Asbestos was often woven into textiles for fire-resistant clothing and blankets. Fibrous chrysotile asbestos was easy to weave into these protective fabrics. Firefighters, first responders and industrial workers often used fire-resistant garments like asbestos gloves. By 1990, asbestos textile manufacturing stopped. But these products may still be present in older homes, buildings and jobsites.
05. Personal Care Products
Personal Care Products Containing Asbestos
Personal hygiene products and makeup may contain asbestos-contaminated talc. The two mineral deposits often develop near each other. Asbestos contamination of talc may occur while mining. Anyone may be exposed while manufacturing, selling or using these asbestos-contaminated talc products. Exposure to these products may lead to mesothelioma or another related disease.
Talc deposits are often found near asbestos. This has led to asbestos-contaminated talc in many consumer products. For example, testing shows asbestos in some talc-based baby powders and talc-based cosmetics. Thousands of consumers have filed lawsuits against manufacturers for contaminated talcum powder products.

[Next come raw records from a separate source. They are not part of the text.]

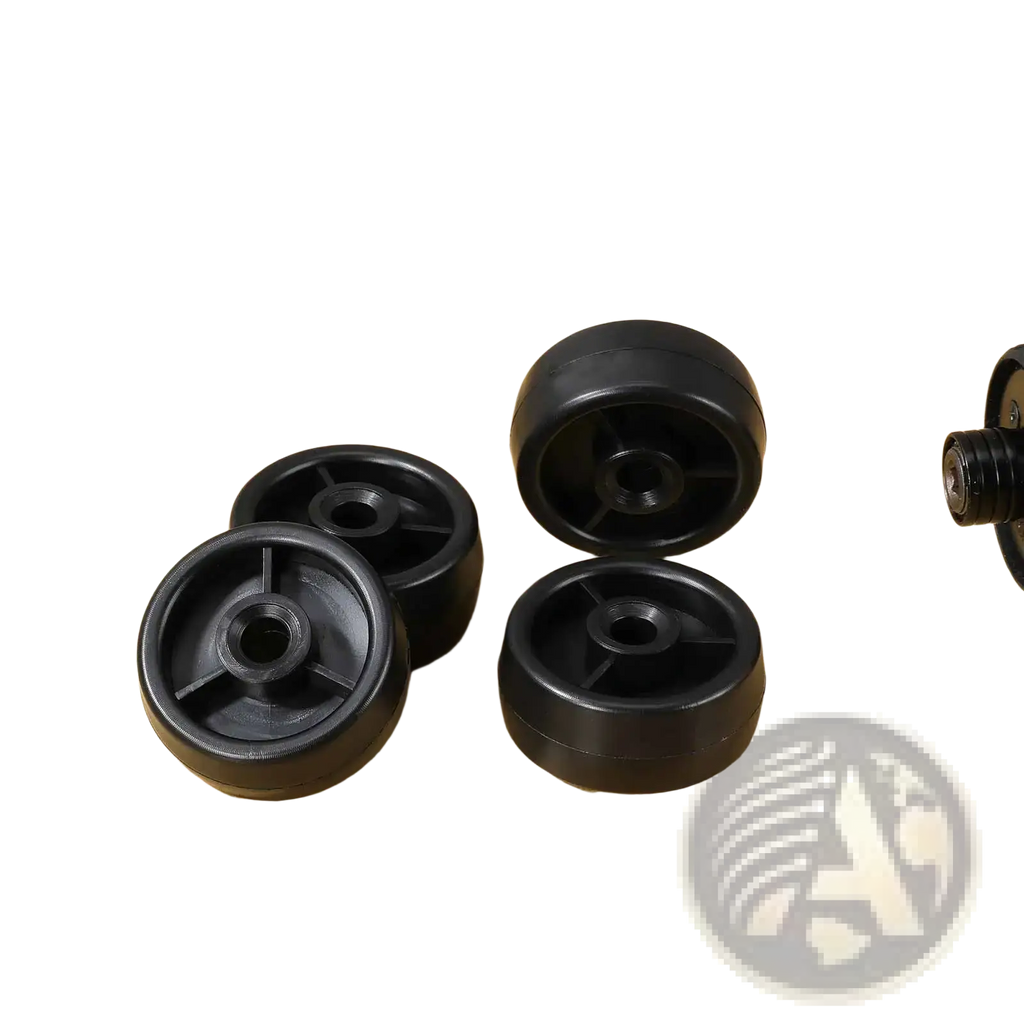 Black plastic gym machine replacement roller wheels 4 pack with central hub and radial spokes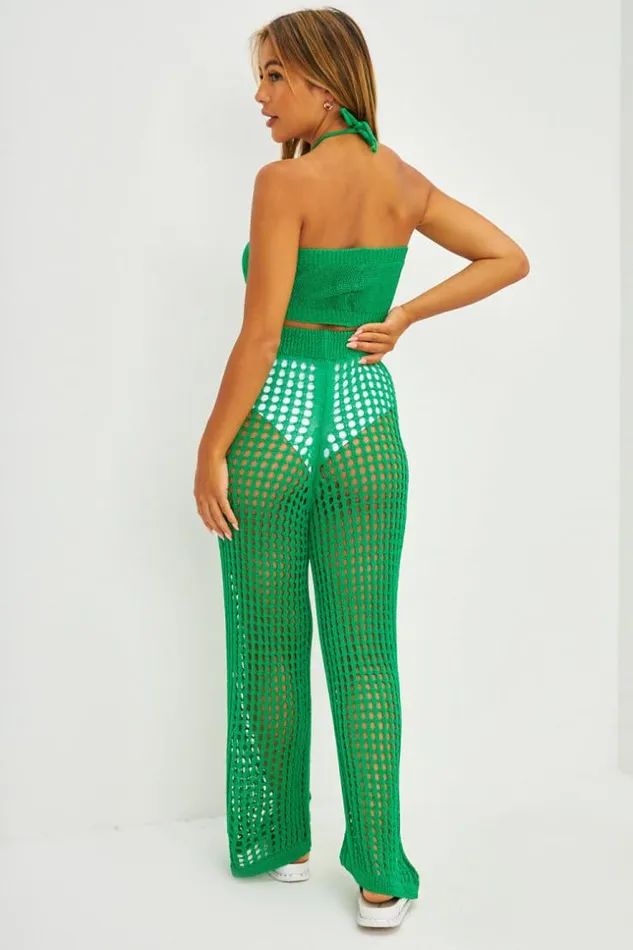 Women Ensemble Top Bandeau Pantalon En Maille Ajoure Vert Green Brentiny Paris Top And Tank Tops Women Ensemble Top Bandeau Pantalon En Maille Ajoure Vert Green Brentiny Paris Top And Tank Tops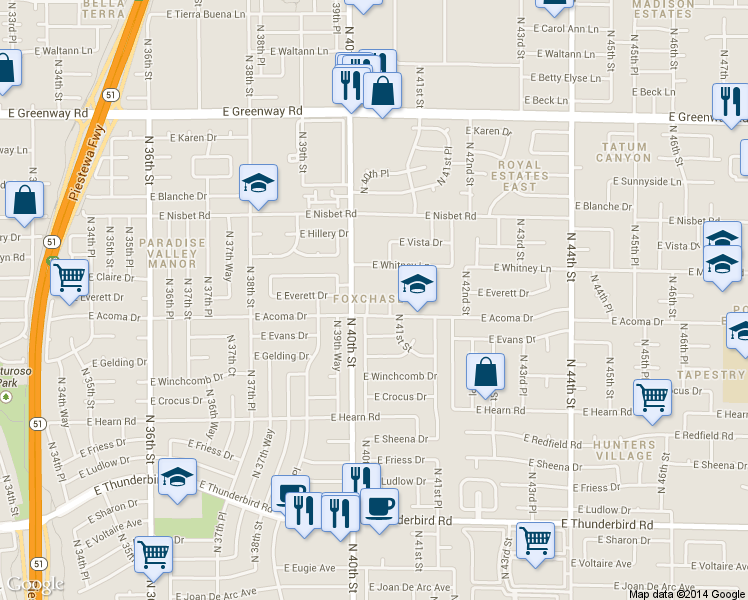 map of restaurants, bars, coffee shops, grocery stores, and more near 14608 North 40th Way in Phoenix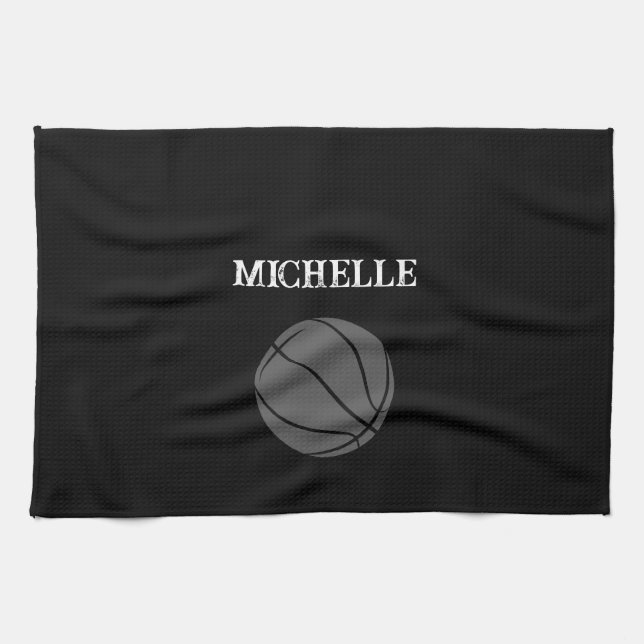 Personalised Basketball Tea Towel (Horizontal)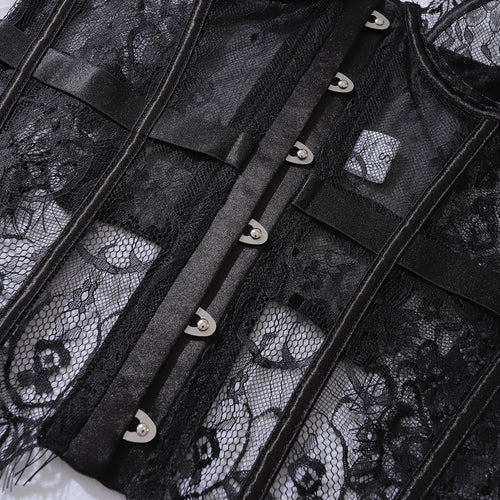 Detailed close-up of the secure front hook-and-eye closure and structured boning on the KissKismet black lace shaping corset.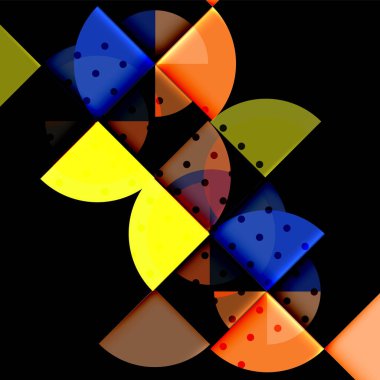 Siyah arka plan üzerine daire öğeleri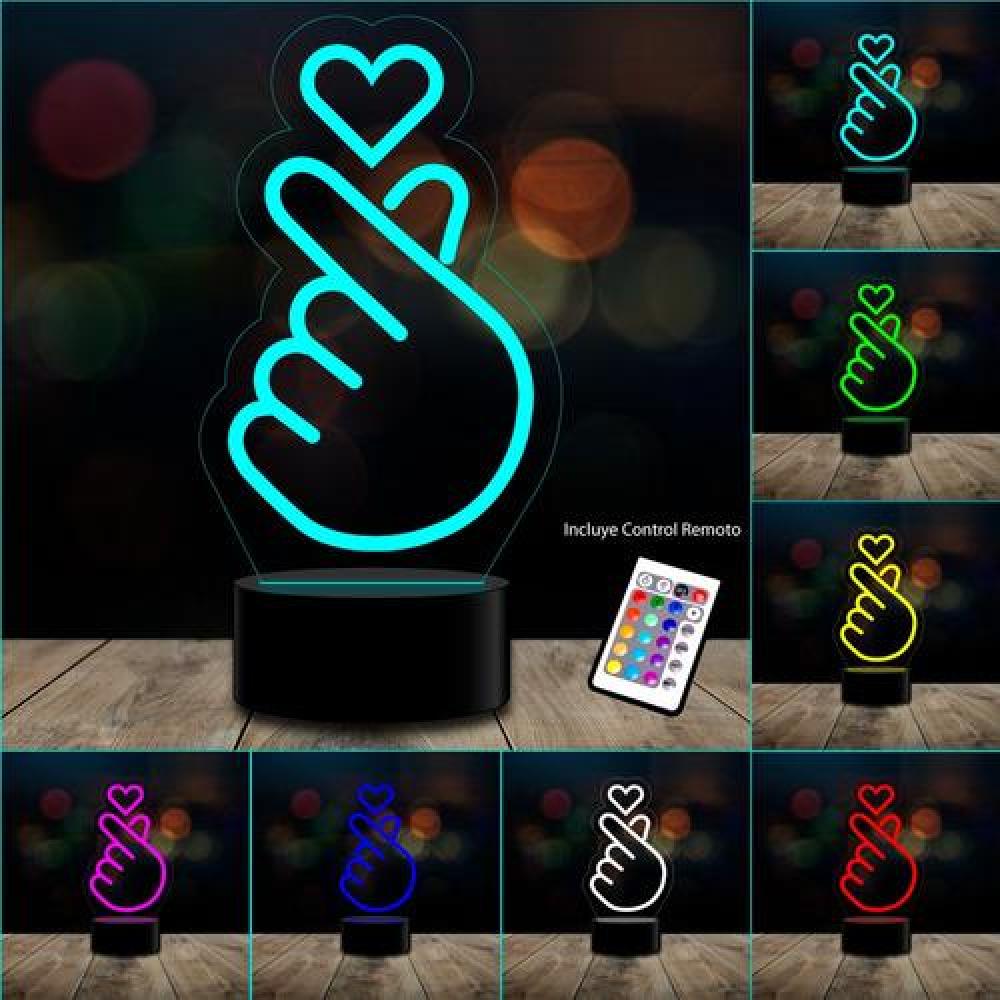 Ilusión led 3D Corazón Coreano K-pop dedos c/remoto colores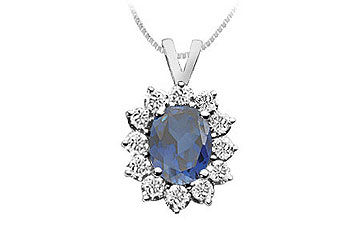 Sapphire and Diamond Pendant  14K White Gold - 2.25 CT TGW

Many cosmetic products contain talcum powder to help them feel smooth and absorb moisture. But talc can be easily contaminated with asbestos. As a result, powder-based products like eye shadows and blushes may contain asbestos. Recent news has raised concerns about the presence of asbestos in children’s makeup. Stores like Claire’s© and Justice® have recalled several contaminated products.
06. Transportation & Automotive Parts
Transportation and Automotive Products
For decades, the transportation and automotive industry has used asbestos in its products. Common asbestos automotive materials include brake pads, brake shoes and brake linings. The automotive industry used the mineral to enhance friction in braking components. Asbestos could also withstand high temperatures. This helped keep equipment and operators safe from fires. But hundreds of thousands of employees in this industry and consumers face asbestos exposure risks.
Once considered a miracle mineral, research has instead proven asbestos is dangerous. Millions of people have been exposed to asbestos through these products. They are at risk of developing asbestos-related diseases, like malignant mesothelioma or lung cancer. Recognizing known asbestos products and understanding the risks may help prevent exposure. Without a full asbestos ban, people can take steps to avoid products that may contain the mineral.